What you write must match, character for character, the lines from the one with "In this video, we're" down to the one with "Hi guys, so" in the listing below, minus its pictures.

══ DATA TO EXAMINE

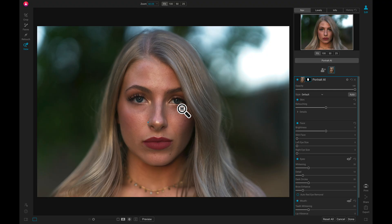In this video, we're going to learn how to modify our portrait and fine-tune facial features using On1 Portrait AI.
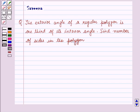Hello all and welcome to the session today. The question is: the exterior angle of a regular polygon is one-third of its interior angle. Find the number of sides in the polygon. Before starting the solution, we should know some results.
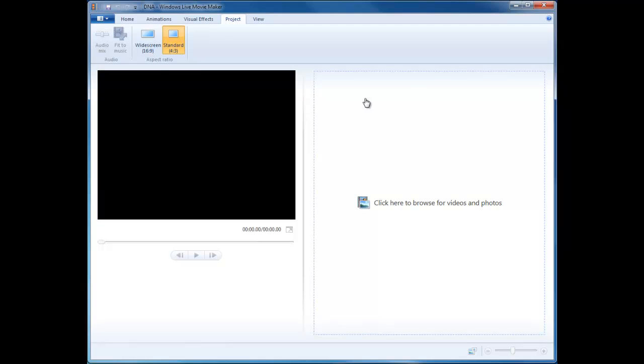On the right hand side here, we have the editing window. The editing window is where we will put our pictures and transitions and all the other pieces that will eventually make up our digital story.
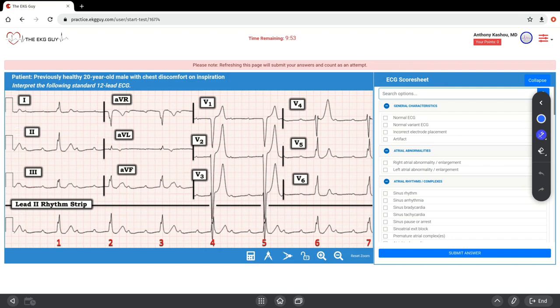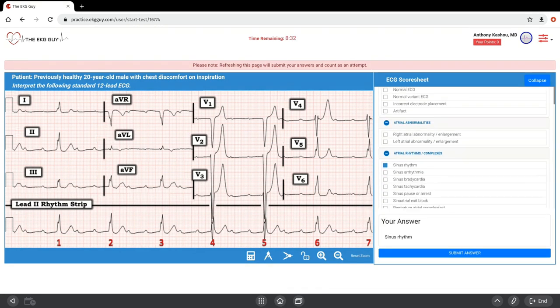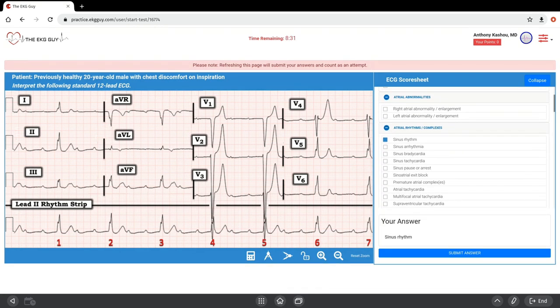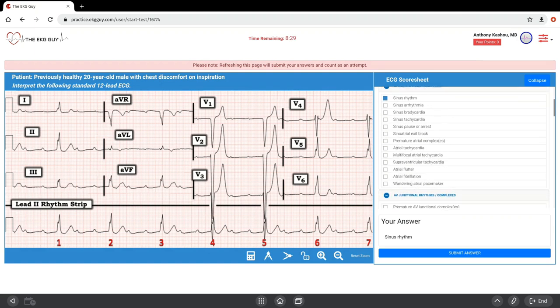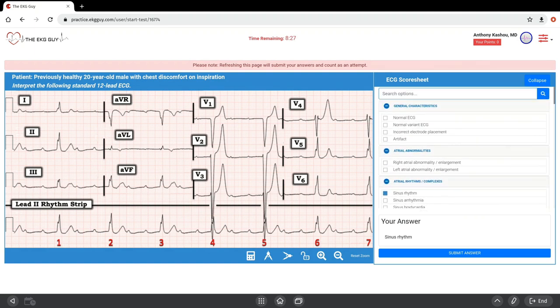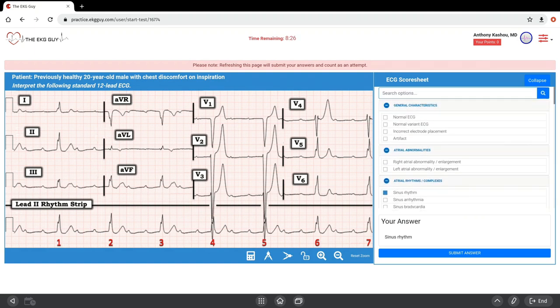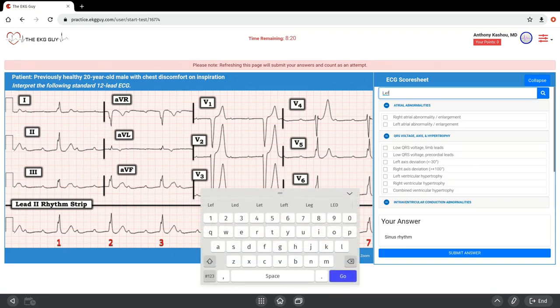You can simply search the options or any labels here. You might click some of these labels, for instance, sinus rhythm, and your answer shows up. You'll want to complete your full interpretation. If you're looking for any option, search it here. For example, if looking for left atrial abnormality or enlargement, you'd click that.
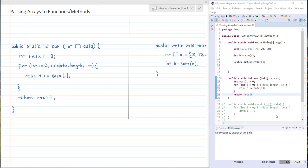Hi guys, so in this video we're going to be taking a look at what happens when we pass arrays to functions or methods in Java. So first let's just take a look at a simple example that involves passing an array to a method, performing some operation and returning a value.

════
══ DATA TO EXAMINE

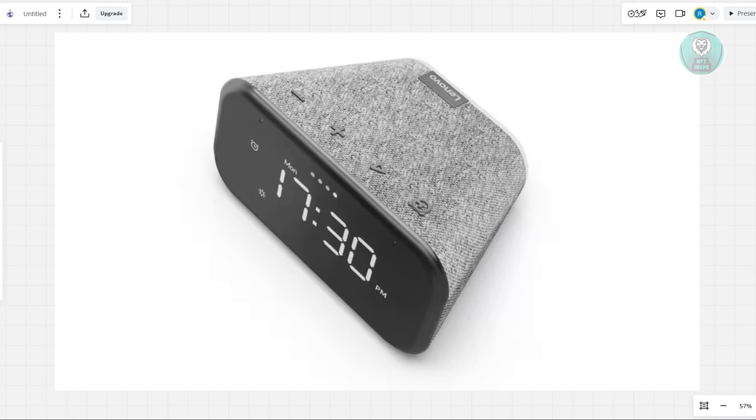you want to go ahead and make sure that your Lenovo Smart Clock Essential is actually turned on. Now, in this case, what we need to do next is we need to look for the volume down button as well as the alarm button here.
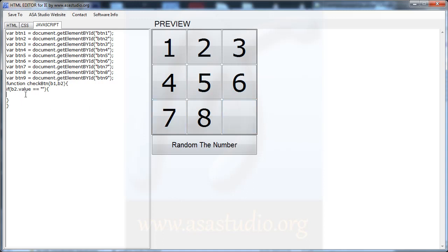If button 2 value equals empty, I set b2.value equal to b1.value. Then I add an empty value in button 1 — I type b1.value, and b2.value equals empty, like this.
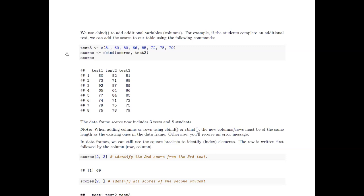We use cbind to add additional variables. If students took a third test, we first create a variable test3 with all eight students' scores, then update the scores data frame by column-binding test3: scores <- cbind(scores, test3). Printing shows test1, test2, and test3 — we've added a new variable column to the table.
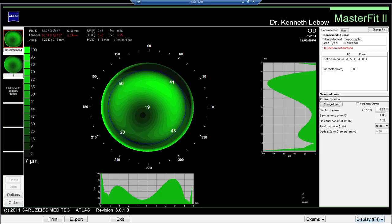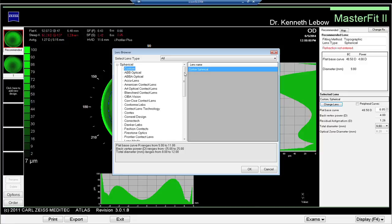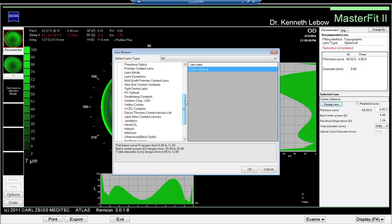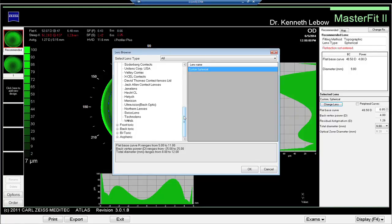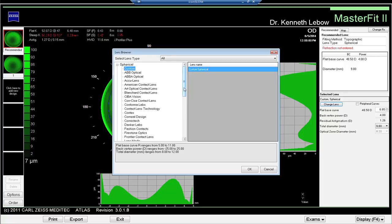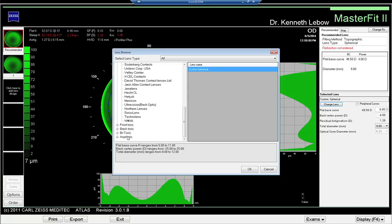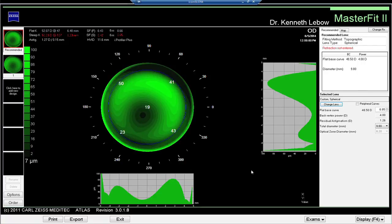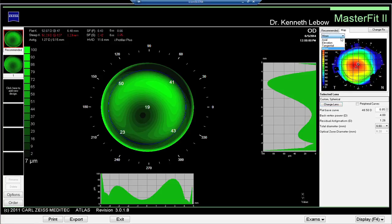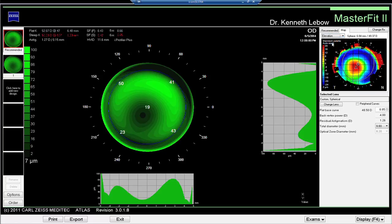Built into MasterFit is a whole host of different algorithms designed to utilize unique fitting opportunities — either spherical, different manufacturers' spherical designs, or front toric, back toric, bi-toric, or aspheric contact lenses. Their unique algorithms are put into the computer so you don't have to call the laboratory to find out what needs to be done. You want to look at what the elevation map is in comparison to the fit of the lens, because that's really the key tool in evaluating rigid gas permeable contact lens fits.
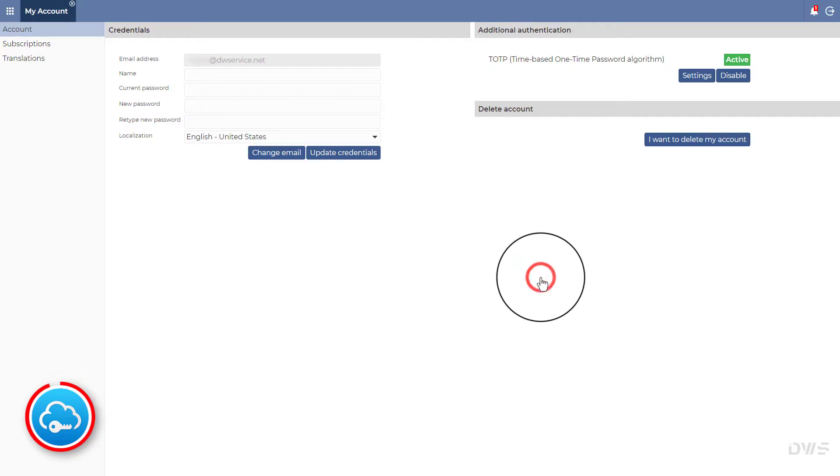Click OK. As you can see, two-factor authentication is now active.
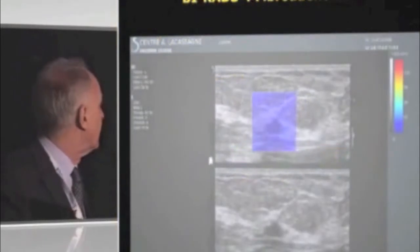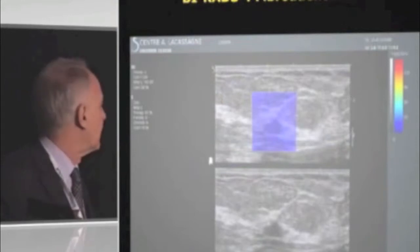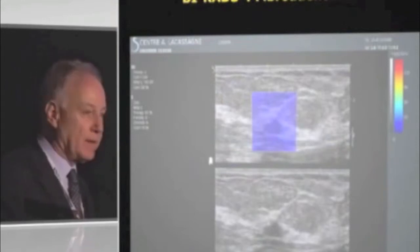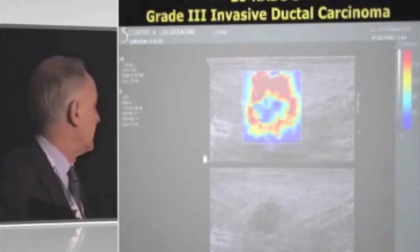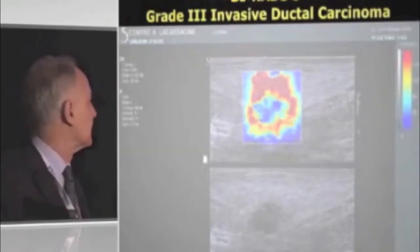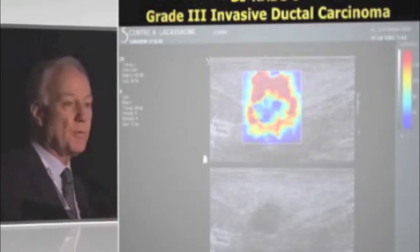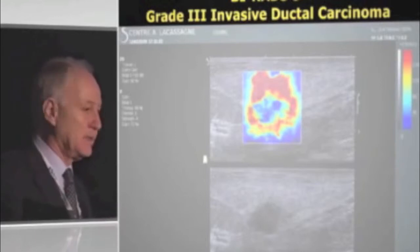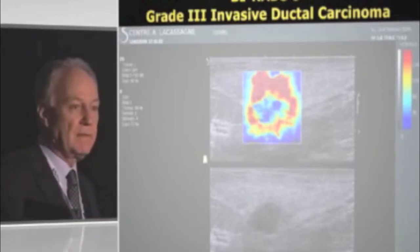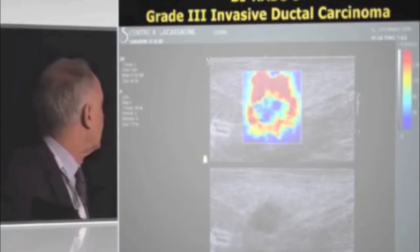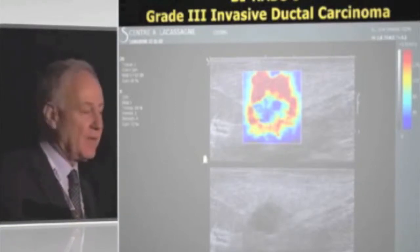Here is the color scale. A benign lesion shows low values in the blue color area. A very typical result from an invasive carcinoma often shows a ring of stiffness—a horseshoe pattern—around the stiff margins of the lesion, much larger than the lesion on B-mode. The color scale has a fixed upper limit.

════

## REPLY TO THE EXERCISE:
In this video, we're going to learn how to modify our portrait and fine-tune facial features using On1 Portrait AI.
Hello all and welcome to the session today. The question is: the exterior angle of a regular polygon is one-third of its interior angle. Find the number of sides in the polygon. Before starting the solution, we should know some results.
On the right hand side here, we have the editing window. The editing window is where we will put our pictures and transitions and all the other pieces that will eventually make up our digital story.
You can simply search the options or any labels here. You might click some of these labels, for instance, sinus rhythm, and your answer shows up. You'll want to complete your full interpretation. If you're looking for any option, search it here. For example, if looking for left atrial abnormality or enlargement, you'd click that.
Hi guys, so in this video we're going to be taking a look at what happens when we pass arrays to functions or methods in Java. So first let's just take a look at a simple example that involves passing an array to a method, performing some operation and returning a value.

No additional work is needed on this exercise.